Now that the financing is settled, seems to me that further upward progress on the SP price is all about the production numbers at Jubilee and TEN. The Maersk Venturer drilling program can't happen fast enough.
@Phoenixy: the bonds will not be bought by banks but by asset managers, insurance companies and hedge funds etc. Banks just arrange the process. The process will be quick - I would expect this will be priced and done at the latest by the end of next week. The announcement today clears the way for TLW to set up meetings with investors and I expect they will build a book of demand after just 3-4 business days of meetings. Once the book is built TLW will formally launch and price it same day and receive the $$ a few days later. Markets are strong right now: Ghana raised $3billion last month. It will get done.
On the RBL, I think banks still do them, ESG pressure aside, but I always thought the TLW RBL messy with the twice-yearly redeterminations and in TLWs case the very subjective 12-month forward looking liquidity test which led to the going concern qualification: management far better off getting rid of it and moving to a simple revolving credit facility.
The senior secured refinancing announced today is exactly in line with what I said management should do back in March. They have also killed off the RBL and with it the uncertainty over the bi-annual redeterminations and the forward liquidity coverage test. The new bonds will be senior secured and will be rated B3 by Moody’s, 2 notches above the current unsecured debt, so the coupon should likely be in the 7% area. Moody’s also placed the corporate Caa1 rating on review for an upgrade.
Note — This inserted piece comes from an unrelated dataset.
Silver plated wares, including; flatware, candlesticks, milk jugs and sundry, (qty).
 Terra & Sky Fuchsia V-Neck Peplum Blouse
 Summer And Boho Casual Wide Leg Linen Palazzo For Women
No going concern qualifications related to refinancing anymore. I imagine S&P will follow a similar approach.
Once the bonds are issued in the next few days, TLW will have taken all refinancing risk off the table until 2025: so plenty of time to deliver the turnaround plan.
The only downside is for holders of the 2025s who are senior unsecured and so will be subordinated to the new bond and bank facility, but they still mature 1 year ahead of the new debt, and as the business delivers the 2025s should pull to par.
@Lemming99: there is a further $42m p.a. in interest cost savings that kick in shortly.
TLW has $985m cash ($805 at Dec + $180 mm EG sale), plus I estimate $270m undrawn RBL capacity. Assuming TLW retains $600m liquidity ($270m RBL and $330m cash), TLW has $655m available to pay down debt. TLW will repay the 6.625% $300m convert in July saving $19.875m p.a. , and calls $355m of the 6.25% $650m bond due April 2022, saving a further $22.18m p.a.